Subo más aún el volumen de la música porque nada de lo que acabo de decir es políticamente correcto. Me pongo bien puesta la careta, sonrío con mi mejor sonrisa demostradora de errores dentales y suelto una carcajada medio ronca. Hay un mito en éste mundo que está en nosotros desmentirlo: se puede vivir en el dolor siendo muy feliz. Todo lo que conté arriba, todo lo que me cuesta, todo lo que me lleva al borde del abismo, son cosas que me pasan pero no me pasan todo el tiempo. No vivo pensando en eso pero tampoco vivo tranquila. Y está bien. Habría que sacarle el peso de la importancia al temita de ser perfectos y felices todo el tiempo. Nadie lo es. Y está bien. Paso mucho tiempo leyendo y más aún escribiendo, aunque nadie se entere, porque es mi forma de volver al eje. De acordarme que soy frágil, que me duelen ciertas cosas, que otras, contra todo pronóstico, me importan poco y nada, que cuando me rio mucho sueno a malvada de telenovela y cuando lloro generalmente lo hago en silencio. De entender que hay días malos, meses fuleros y relaciones tormentosas pero está buenísimo entenderlas, vivirlas, pasarlas para después aprender de eso y reírnos muchísimo más fuerte. Que la vida puede ser una cagada. Y está bien. A veces hay luz y otras no tanto. Y en el subsuelo del mundo del que tanto  les hablo, estamos casi todos aunque no podamos vernos a las caras. Y está muy bien.
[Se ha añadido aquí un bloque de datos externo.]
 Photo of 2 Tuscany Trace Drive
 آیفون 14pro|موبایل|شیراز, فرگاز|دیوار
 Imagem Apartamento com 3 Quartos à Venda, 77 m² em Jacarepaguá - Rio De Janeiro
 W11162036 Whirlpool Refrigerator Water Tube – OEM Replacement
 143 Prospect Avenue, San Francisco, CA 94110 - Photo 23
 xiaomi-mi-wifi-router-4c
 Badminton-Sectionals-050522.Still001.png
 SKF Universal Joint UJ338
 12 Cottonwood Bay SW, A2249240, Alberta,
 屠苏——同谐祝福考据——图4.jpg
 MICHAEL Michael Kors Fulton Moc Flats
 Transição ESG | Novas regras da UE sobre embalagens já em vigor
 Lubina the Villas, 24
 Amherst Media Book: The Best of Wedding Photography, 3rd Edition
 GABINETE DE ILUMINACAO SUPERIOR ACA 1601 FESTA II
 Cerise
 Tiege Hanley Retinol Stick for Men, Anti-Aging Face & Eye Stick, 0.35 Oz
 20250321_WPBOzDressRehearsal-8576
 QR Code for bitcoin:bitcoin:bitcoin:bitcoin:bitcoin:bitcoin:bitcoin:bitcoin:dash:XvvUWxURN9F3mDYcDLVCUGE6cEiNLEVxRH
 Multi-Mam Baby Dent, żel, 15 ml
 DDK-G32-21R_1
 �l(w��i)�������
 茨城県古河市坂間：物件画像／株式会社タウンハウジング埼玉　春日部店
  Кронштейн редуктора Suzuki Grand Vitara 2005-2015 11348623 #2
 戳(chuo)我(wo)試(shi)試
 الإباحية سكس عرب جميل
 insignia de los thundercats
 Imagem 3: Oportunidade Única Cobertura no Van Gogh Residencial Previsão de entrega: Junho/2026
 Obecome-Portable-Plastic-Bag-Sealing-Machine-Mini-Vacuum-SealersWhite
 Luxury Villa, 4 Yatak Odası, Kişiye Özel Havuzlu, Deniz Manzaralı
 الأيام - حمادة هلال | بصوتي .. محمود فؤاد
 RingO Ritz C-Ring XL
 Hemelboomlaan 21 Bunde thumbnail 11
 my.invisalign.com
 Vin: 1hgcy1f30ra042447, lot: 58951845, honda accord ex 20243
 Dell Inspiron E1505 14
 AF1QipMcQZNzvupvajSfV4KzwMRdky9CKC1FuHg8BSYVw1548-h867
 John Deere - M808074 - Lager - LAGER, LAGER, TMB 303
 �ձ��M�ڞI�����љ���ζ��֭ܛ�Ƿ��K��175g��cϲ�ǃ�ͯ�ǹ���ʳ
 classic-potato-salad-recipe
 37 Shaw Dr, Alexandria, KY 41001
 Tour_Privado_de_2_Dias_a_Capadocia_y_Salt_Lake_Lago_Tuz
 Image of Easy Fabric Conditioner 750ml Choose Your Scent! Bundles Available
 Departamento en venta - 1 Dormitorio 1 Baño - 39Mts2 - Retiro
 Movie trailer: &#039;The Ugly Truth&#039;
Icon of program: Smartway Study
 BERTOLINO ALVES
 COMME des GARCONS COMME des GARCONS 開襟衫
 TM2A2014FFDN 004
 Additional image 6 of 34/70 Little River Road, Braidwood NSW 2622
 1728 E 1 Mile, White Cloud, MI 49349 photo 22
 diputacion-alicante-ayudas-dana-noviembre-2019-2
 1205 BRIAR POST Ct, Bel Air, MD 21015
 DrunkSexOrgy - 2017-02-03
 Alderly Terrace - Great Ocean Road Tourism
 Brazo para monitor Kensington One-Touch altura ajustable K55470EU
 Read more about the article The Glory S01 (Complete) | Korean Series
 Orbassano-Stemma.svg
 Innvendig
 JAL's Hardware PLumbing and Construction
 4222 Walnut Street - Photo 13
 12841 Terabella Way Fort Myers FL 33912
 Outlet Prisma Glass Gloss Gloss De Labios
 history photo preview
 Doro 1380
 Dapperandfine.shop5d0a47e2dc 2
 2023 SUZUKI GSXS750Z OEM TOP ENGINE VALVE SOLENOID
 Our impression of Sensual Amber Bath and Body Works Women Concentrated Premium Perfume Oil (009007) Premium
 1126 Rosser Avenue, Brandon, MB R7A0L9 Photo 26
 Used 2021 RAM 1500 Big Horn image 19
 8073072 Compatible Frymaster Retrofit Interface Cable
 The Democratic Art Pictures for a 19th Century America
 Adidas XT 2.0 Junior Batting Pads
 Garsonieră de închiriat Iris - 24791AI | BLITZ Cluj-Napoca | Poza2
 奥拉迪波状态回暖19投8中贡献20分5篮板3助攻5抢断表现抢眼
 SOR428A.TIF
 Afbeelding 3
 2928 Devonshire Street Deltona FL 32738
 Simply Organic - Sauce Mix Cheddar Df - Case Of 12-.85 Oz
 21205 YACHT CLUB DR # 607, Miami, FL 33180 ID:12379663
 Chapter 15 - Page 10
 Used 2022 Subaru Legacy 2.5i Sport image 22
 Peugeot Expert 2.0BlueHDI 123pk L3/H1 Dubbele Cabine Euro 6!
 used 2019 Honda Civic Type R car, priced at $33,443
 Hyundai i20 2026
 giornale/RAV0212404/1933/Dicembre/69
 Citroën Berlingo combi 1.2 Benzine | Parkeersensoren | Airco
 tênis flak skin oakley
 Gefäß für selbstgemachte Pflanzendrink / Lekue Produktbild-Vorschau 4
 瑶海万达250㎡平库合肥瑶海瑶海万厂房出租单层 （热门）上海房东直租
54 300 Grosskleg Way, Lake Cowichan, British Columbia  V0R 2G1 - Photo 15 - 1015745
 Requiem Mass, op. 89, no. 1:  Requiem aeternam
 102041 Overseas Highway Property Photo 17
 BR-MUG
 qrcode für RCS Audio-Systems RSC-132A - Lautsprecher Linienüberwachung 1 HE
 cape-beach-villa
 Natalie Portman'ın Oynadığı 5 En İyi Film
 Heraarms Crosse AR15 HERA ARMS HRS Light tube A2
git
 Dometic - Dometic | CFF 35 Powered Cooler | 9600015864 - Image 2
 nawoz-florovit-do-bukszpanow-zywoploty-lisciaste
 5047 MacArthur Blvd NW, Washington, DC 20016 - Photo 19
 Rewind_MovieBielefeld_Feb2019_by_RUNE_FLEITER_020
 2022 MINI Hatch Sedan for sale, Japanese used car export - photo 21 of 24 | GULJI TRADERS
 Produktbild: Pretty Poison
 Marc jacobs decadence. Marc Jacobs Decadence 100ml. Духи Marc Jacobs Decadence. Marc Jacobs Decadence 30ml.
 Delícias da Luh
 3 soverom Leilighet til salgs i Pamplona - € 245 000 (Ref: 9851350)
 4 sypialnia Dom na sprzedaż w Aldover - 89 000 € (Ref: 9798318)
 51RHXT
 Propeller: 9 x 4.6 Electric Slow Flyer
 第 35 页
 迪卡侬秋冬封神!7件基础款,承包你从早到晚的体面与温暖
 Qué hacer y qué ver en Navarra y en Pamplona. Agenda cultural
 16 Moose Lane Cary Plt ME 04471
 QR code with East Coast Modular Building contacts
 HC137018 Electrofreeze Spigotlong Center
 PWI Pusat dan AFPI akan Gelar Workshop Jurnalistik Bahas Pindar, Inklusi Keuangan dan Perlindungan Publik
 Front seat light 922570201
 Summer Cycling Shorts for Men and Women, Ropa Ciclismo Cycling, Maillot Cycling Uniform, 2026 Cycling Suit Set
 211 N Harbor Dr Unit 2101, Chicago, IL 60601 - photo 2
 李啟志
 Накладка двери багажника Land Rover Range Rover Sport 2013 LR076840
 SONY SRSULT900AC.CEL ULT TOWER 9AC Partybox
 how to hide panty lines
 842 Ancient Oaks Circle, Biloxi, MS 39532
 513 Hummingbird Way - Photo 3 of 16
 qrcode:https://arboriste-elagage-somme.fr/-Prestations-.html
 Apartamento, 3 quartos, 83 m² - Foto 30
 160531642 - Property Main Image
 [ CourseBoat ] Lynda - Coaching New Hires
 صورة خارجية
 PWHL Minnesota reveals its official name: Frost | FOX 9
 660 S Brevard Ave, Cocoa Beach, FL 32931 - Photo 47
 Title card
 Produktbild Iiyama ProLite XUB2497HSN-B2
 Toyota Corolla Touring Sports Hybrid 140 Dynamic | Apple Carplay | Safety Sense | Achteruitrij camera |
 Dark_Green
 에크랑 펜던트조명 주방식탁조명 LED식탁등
No tengo una conclusión porque no siempre puedo concluir lo que me pasa. Me pasa esto y quise escribir, en forma de letritas que van sumando palabras y explican que quizás no siempre sea un ser muy normal. Casi nunca lo soy. Vengo de un periodo de tristeza y soledad absoluta pero estoy segura que en estos momentos, mientras avanzo con la cabeza en alto, se va aclarando el futuro y entiendo que sola no estoy y que triste puedo estar mil veces si después intento estar bien. Intentar lo intento siempre. Porque de ahí viene la mano, si me quedo en el molde sólo soy una pobre piba. Y yo de pobrecita no tengo un carajo. Supongo que el miedo a lo que puede llegar a pasar forma parte de esta ansiedad forrisima que me acompaña tanto y a veces no sé cómo manejarla. Supongo que tengo que aprender a sacarle la responsabilidad a quienes me rodean y aprender a cuidarlos todo el tiempo. Supongo que tengo que calmarme. Pero más supongo que cuando aprete publicar, cuando lo comparta en mis redes sociales, cuando me exponga a la mirada de todos ustedes y de quienes quieran leerme en algún momento, deberé respirar hondo y pensar: desde el infierno, con muchísimo amor, les escribo estas palabras para entender lo que me pasa. Y lo que me pasa, siempre, está bien.